《保险研究》20191006-《车险定价中风险因子重要性测度的比较研究——基于集成学习方法和广义线性回归模型》(张碧怡、肖宇谷、曾宇哲)

[中图分类号]F840.65;F224.7 [文献标识码]A [文章编号]1004-3306(2019)10-0073-11 DOI:10.13497/j.cnki.is.2019.10.006

资源价格:30积分

  • 内容介绍

[摘   要]车险业务中影响车险损失的风险因子很多,如从人因子、从车因子、从属地因子和保单属性因子等,保险公司通常利用这些风险因子对个体风险进行分类,一方面作为车险定价的依据,另一方面也为部门沟通、业务选择和市场细分提供支持。因此,识别风险因子的重要性对提升整个车险业务质量有非常重要的意义。近年来机器学习算法在车险损失预测中的应用越来越多,但目前的研究主要考虑了损失预测的精度,对风险因子的重要性测度缺少系统深入的研究。为此,本文对8个车险数据集,利用两种集成学习方法(随机森林和XGBoost),比较了它们与广义线性回归模型在索赔频率风险因子重要性测度上的一致性。研究结果表明,这两种集成学习方法不仅能提高预测精度,还能提供较一致的风险因子重要性测度。

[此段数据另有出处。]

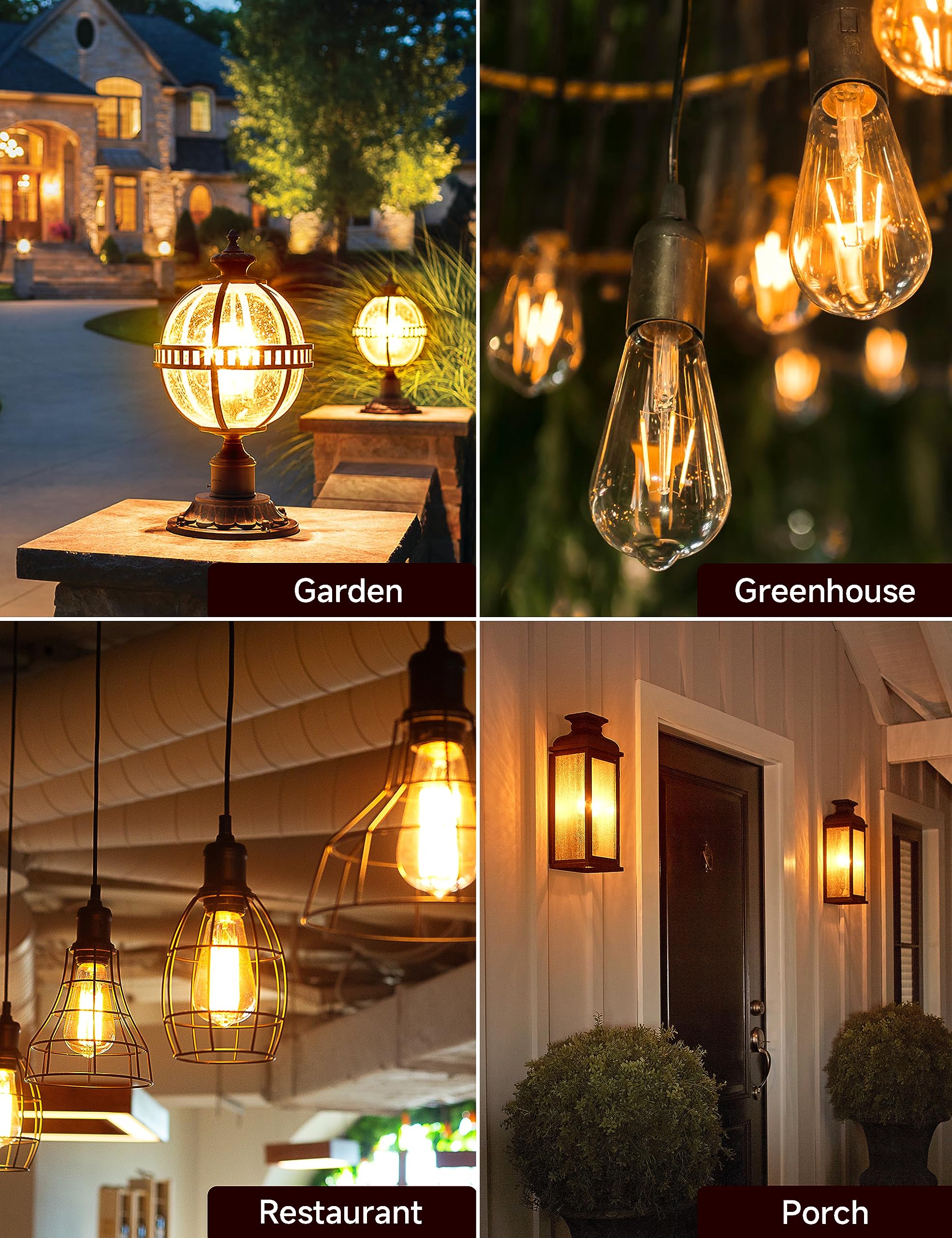 UNILAMP Dusk to Dawn LED Light Bulbs, 6W Equivalent 60W, 2700K Soft White, E26 Base, 4 Pack, Auto On/Off for Outdoor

[关键词]汽车保险;机器学习;变量重要性;随机森林;XGBoost

[基金项目]本文得到教育部人文社会科学重点研究基地重大项目(16JJD910001):基于大数据的精算统计模型与风险管理问题研究;中国人民大学2019年度“中央高校建设世界一流大学(学科)和特色发展引导专项资金”,支持和资助。

[作者简介]张碧怡,中国人民大学统计学院硕士研究生,E-mail:zhang-biyi@163.com;肖宇谷,中国人民大学统计学院风险管理与精算教研室副教授;曾宇哲,中国人民大学统计学院硕士研究生。


A Comparative Study on Measuring Variable Importance in Auto Insurance Pricing—Based on Ensemble Learning and Generalized Linear Regression

ZHANG Bi-yi,XIAO Yu-gu,ZENG Yu-zhe

Abstract:In the auto insurance business,there are many risk factors affecting vehicle losses,such as driver-related factors,vehicle-related factors,geography and the policy information,etc.Insurance companies often use these risk factors to classify individual risks,on the one hand as the basis for auto insurance pricing,and on the other hand to support inter-department communications,business choices and market segmentation.Therefore,identifying the importance of risk factors is very important to improve the quality of the entire auto insurance business.In recent years,machine learning algorithms have been applied more and more in the prediction of vehicle risk loss.However,these studies mainly consider the accuracy of loss prediction,and there is a lack of systematic and in-depth study on the importance measurement of risk factors.To this end,this paper compared the eight auto insurance data sets with two machine learning methods (random forest and XGBoost) with the generalized linear model in the importance measurement of the claim frequency risk factor.The results show that these two machine learning methods can not only improve the prediction accuracy,but also provide an effective risk factor importance measurement.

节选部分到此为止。